(Brief)
Only one stretch of the data is wanted: the line containing "Brighton Two-Tone Coin", the line containing "Black metal microphone", and every line between them, copied exactly.

(Data to use)
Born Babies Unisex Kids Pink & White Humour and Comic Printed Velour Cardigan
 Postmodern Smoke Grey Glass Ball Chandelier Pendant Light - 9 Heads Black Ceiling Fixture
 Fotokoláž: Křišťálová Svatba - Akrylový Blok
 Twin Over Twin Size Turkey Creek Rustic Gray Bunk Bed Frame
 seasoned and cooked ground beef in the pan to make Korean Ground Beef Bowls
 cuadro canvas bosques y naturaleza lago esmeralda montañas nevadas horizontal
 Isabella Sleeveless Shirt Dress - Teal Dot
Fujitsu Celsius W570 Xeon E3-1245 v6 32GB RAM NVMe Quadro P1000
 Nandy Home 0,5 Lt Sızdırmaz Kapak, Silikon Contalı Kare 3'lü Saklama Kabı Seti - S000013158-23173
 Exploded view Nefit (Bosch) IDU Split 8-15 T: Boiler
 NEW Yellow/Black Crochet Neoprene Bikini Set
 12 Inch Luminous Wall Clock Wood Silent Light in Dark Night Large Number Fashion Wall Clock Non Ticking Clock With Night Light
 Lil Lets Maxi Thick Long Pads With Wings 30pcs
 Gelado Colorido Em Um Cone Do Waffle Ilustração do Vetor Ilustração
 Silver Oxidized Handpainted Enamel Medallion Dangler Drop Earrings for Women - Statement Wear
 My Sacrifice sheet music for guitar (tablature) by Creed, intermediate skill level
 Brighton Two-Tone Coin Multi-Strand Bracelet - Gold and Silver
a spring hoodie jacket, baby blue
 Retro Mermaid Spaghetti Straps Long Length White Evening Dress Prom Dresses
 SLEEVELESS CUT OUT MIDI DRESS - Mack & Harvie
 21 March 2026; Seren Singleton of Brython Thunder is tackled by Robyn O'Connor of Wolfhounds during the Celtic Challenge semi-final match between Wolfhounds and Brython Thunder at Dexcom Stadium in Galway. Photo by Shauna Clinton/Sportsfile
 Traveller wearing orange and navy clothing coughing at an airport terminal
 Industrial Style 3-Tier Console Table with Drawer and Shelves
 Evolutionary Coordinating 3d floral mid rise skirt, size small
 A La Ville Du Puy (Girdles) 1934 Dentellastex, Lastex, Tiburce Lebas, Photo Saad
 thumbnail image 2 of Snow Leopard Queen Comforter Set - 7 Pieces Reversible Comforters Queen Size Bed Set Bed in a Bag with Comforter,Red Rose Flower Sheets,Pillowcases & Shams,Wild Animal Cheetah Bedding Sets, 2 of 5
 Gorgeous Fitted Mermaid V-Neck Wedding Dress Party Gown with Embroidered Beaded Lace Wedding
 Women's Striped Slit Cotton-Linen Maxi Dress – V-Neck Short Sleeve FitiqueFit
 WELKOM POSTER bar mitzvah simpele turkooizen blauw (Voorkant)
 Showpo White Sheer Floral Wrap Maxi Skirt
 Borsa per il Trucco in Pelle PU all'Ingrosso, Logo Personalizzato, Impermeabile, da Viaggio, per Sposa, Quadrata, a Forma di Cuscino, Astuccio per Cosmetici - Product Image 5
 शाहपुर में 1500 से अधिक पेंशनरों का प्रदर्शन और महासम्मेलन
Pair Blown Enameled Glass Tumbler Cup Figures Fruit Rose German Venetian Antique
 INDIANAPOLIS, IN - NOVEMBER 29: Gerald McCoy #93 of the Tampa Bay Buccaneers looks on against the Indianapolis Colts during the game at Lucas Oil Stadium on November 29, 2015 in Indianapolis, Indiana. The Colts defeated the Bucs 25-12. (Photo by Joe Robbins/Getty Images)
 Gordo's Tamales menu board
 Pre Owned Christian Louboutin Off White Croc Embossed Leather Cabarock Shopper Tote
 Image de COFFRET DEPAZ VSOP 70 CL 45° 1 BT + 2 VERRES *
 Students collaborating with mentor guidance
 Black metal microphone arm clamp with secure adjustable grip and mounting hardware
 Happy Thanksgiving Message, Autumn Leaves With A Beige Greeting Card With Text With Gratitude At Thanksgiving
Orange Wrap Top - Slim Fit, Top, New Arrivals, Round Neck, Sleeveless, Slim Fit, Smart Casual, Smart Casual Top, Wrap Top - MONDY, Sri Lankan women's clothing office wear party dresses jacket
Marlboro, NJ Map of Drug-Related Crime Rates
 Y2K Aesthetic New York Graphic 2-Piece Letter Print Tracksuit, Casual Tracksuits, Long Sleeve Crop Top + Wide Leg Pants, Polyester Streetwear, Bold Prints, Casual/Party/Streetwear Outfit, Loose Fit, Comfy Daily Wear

(Result of the exercise)
 Brighton Two-Tone Coin Multi-Strand Bracelet - Gold and Silver
a spring hoodie jacket, baby blue
 Retro Mermaid Spaghetti Straps Long Length White Evening Dress Prom Dresses
 SLEEVELESS CUT OUT MIDI DRESS - Mack & Harvie
 21 March 2026; Seren Singleton of Brython Thunder is tackled by Robyn O'Connor of Wolfhounds during the Celtic Challenge semi-final match between Wolfhounds and Brython Thunder at Dexcom Stadium in Galway. Photo by Shauna Clinton/Sportsfile
 Traveller wearing orange and navy clothing coughing at an airport terminal
 Industrial Style 3-Tier Console Table with Drawer and Shelves
 Evolutionary Coordinating 3d floral mid rise skirt, size small
 A La Ville Du Puy (Girdles) 1934 Dentellastex, Lastex, Tiburce Lebas, Photo Saad
 thumbnail image 2 of Snow Leopard Queen Comforter Set - 7 Pieces Reversible Comforters Queen Size Bed Set Bed in a Bag with Comforter,Red Rose Flower Sheets,Pillowcases & Shams,Wild Animal Cheetah Bedding Sets, 2 of 5
 Gorgeous Fitted Mermaid V-Neck Wedding Dress Party Gown with Embroidered Beaded Lace Wedding
 Women's Striped Slit Cotton-Linen Maxi Dress – V-Neck Short Sleeve FitiqueFit
 WELKOM POSTER bar mitzvah simpele turkooizen blauw (Voorkant)
 Showpo White Sheer Floral Wrap Maxi Skirt
 Borsa per il Trucco in Pelle PU all'Ingrosso, Logo Personalizzato, Impermeabile, da Viaggio, per Sposa, Quadrata, a Forma di Cuscino, Astuccio per Cosmetici - Product Image 5
 शाहपुर में 1500 से अधिक पेंशनरों का प्रदर्शन और महासम्मेलन
Pair Blown Enameled Glass Tumbler Cup Figures Fruit Rose German Venetian Antique
 INDIANAPOLIS, IN - NOVEMBER 29: Gerald McCoy #93 of the Tampa Bay Buccaneers looks on against the Indianapolis Colts during the game at Lucas Oil Stadium on November 29, 2015 in Indianapolis, Indiana. The Colts defeated the Bucs 25-12. (Photo by Joe Robbins/Getty Images)
 Gordo's Tamales menu board
 Pre Owned Christian Louboutin Off White Croc Embossed Leather Cabarock Shopper Tote
 Image de COFFRET DEPAZ VSOP 70 CL 45° 1 BT + 2 VERRES *
 Students collaborating with mentor guidance
 Black metal microphone arm clamp with secure adjustable grip and mounting hardware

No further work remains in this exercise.